現在の西村さんは、そんな自らのアイデンティティ、アイデア、ファッションなどをアートとして表現している。

従来の肩書にとらわれないからこそ

自ら仏門に飛び込み、教えを受け取ったことは、彼の個性と人生をさらに開花させることになる。

僧侶として学びを深める一方、メイクアップアーティストとしてもミス・ユニバースの国内外の大会のメイクを担当するなど順風満帆な活躍をしていた最中の2019年、LGBTQの当事者として講演してほしいという話が舞い込んできたのだ。

(撮影:今井康一)

「浄土宗のLGBTQについてのシンポジウムで、当事者の体験談を話してほしいという依頼でした。当時、公の場では自分が当事者であることは語ったことがなかったし、僧侶であり、大学の教授である父の立場もあるし、どうするべきかと悩みました。

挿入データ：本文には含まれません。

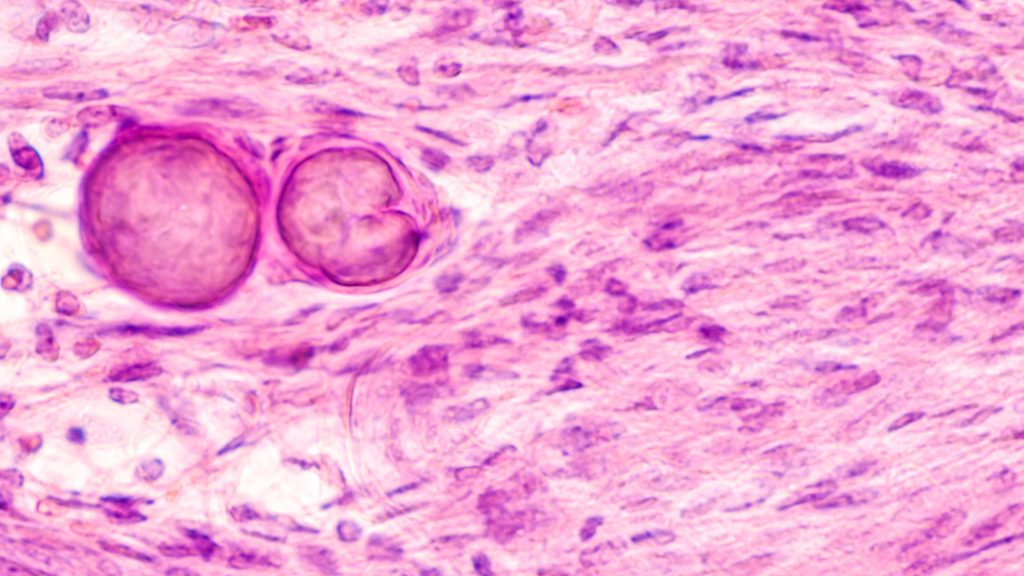 Stereotactic Brain Biopsy Smear Meningioma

でも、せっかくのシンポジウムに当事者がいなければ、現実味が薄いし、本物ではなくなってしまう。私が語らなきゃならないと思い至って出演を決めました」

このイベントをきっかけに、西村さんの元には、LGBTQ活動家としての依頼が増えていった。メディアやイベントへの出演、講演会への登壇、インタビュー、書籍……。

これまで味わった辛酸の数々、人生の暗黒期を乗り越えた経験談はもちろん、自らの思考と仏門で学んだ知識や経験を織り交ぜて語る。痛みや挫折を乗り越えてきた彼の言葉は優しさと説得力があり、人々の心を揺さぶった。

さらに、2019年には全世界で大ヒットしていたアメリカ発リアリティ番組「QUEER EYE(クィア・アイ)」にも出演して注目を集めた。SNSでは、僧侶姿ながら、メイクやハイヒールもまとう斬新で艶やかなファッションは、彼の個性やメッセージを際立たせ、世界中にファンを生んだ。

「これまでの人生がつながった気がしました。さまざまな経験や技術はもちろん、悲しかったことや苦しかったこと、嬉しかったこともすべて。僧侶やメイクアップアーティストなど1つの職業だけだったら、私のメッセージはみんなに伝えられないのではないか?でも同性愛者であり、僧侶の資格を持っていて、メイクやおしゃれが好き。そんな私だからこそ、伝えられることがあることにも気づけました」

現在の状況を予想して、3つの肩書を得たわけではない。ただ、自分に正直に生きて、自分にしかできないことを突き詰める道中で、自分らしい大輪の花が咲いたのだ。

仕事も人生も、唯一無二の自分を大切にすること、自分にしかできないことを突き詰めて花開かせること。それは、この先も彼自身の命題であり、人々に伝えたいヒントでもある。